§ **Provided material**
____

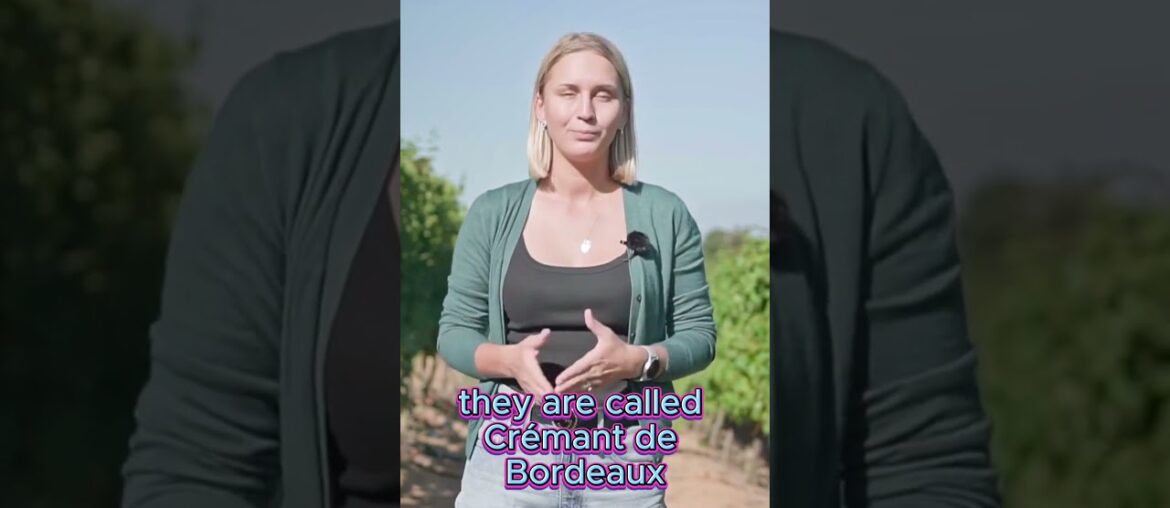 French Wine Voyage. Region Bordeaux #shorts #wine  #vino #wineacademy #sommelier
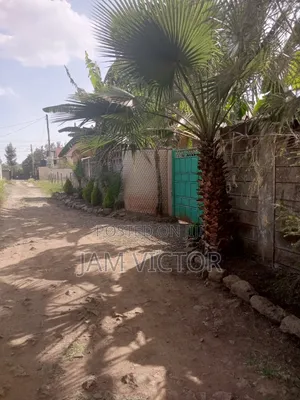 3 Bedrooms Bungalow on 50/100 Plot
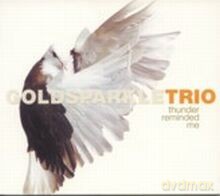 Gold Sparkle Trio: Thunder Reminded Me-Live in NYC [CD]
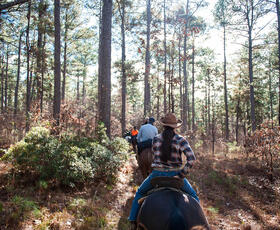 Horseback Riding in Kisatchie National Forest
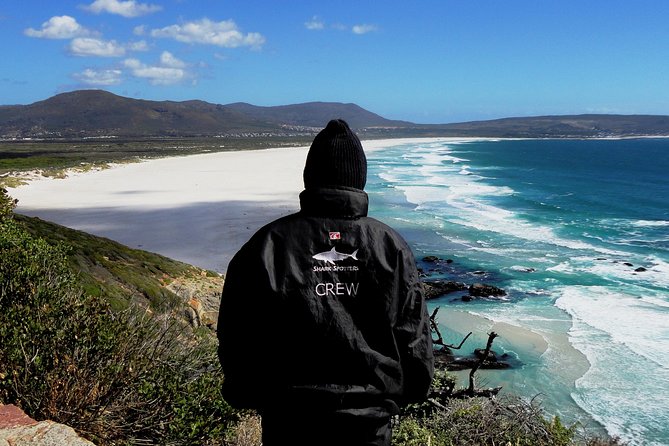 Cape of Good Hope, Cape Point & Penguins Private Morning Tour - From Cape Town’s polished coast to the peninsula
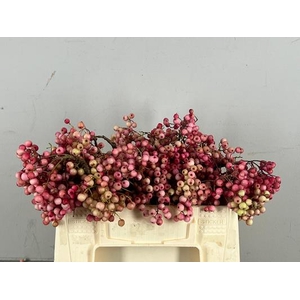 Sorbus Pink Pearl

____

§ **Work item**
Please write out the entire listing above exactly, but leave the pictures out.

§ **Solution for this problem**
 French Wine Voyage. Region Bordeaux #shorts #wine  #vino #wineacademy #sommelier
 3 Bedrooms Bungalow on 50/100 Plot
 Gold Sparkle Trio: Thunder Reminded Me-Live in NYC [CD]
 Horseback Riding in Kisatchie National Forest
 Cape of Good Hope, Cape Point & Penguins Private Morning Tour - From Cape Town’s polished coast to the peninsula
 Sorbus Pink Pearl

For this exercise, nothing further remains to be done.